Extracted data entries:
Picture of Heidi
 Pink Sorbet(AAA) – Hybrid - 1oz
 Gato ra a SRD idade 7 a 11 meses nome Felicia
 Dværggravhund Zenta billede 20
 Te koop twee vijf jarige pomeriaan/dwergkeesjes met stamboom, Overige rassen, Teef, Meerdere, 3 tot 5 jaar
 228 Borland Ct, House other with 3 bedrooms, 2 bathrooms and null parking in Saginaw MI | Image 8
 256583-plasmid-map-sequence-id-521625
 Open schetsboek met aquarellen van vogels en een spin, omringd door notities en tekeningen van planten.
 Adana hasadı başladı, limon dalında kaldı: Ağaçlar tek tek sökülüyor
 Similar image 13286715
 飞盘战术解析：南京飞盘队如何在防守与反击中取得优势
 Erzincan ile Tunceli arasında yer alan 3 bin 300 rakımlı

| WHAT IS REQUIRED |
Repeat exactly, and only, the lines from the line containing "256583-plasmid-map-sequence-id-521625" through the last line of the records above, both included.

| SOLUTION FOR THIS EXERCISE |
 256583-plasmid-map-sequence-id-521625
 Open schetsboek met aquarellen van vogels en een spin, omringd door notities en tekeningen van planten.
 Adana hasadı başladı, limon dalında kaldı: Ağaçlar tek tek sökülüyor
 Similar image 13286715
 飞盘战术解析：南京飞盘队如何在防守与反击中取得优势
 Erzincan ile Tunceli arasında yer alan 3 bin 300 rakımlı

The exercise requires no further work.